* **ACTIVITY**:
The string "answer" appears in some lines of the entries that follow; copy each such line.
+++ MATERIALS PROVIDED
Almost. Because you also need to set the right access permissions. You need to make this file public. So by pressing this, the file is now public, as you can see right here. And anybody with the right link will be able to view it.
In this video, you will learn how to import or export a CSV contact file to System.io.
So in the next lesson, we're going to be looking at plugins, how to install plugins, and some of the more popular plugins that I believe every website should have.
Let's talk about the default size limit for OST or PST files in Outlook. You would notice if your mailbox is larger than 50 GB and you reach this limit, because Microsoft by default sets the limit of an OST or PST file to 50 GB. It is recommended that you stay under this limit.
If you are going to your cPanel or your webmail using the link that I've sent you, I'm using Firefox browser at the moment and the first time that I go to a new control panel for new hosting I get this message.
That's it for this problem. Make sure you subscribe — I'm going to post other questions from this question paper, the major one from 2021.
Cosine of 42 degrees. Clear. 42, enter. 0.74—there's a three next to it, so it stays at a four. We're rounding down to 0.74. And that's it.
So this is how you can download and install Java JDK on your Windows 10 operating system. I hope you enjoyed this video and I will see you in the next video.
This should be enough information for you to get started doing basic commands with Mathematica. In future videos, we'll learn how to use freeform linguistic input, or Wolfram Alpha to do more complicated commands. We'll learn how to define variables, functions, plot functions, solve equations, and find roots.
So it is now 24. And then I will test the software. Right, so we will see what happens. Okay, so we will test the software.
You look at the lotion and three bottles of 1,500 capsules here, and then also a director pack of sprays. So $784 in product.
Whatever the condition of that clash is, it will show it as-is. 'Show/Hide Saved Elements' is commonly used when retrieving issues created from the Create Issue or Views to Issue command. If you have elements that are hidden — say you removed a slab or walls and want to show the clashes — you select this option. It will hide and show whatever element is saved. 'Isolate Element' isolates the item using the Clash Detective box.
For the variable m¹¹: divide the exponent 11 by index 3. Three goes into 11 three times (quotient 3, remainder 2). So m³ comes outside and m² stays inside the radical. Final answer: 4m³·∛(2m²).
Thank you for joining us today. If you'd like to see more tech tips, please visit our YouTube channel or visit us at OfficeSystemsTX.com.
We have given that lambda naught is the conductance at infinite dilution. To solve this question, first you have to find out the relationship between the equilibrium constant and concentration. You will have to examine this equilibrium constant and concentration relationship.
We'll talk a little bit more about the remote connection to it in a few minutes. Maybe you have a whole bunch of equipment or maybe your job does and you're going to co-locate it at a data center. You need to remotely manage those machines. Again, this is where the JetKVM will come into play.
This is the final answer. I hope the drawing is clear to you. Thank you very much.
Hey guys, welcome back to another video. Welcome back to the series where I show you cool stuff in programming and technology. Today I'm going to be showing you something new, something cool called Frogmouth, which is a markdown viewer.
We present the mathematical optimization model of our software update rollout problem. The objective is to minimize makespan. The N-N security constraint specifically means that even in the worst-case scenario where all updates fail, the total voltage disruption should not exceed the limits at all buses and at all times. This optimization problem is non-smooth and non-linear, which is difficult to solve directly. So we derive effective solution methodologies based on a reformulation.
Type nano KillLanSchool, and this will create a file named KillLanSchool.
++++++
* **RESPONSE BOX**:
For the variable m¹¹: divide the exponent 11 by index 3. Three goes into 11 three times (quotient 3, remainder 2). So m³ comes outside and m² stays inside the radical. Final answer: 4m³·∛(2m²).
This is the final answer. I hope the drawing is clear to you. Thank you very much.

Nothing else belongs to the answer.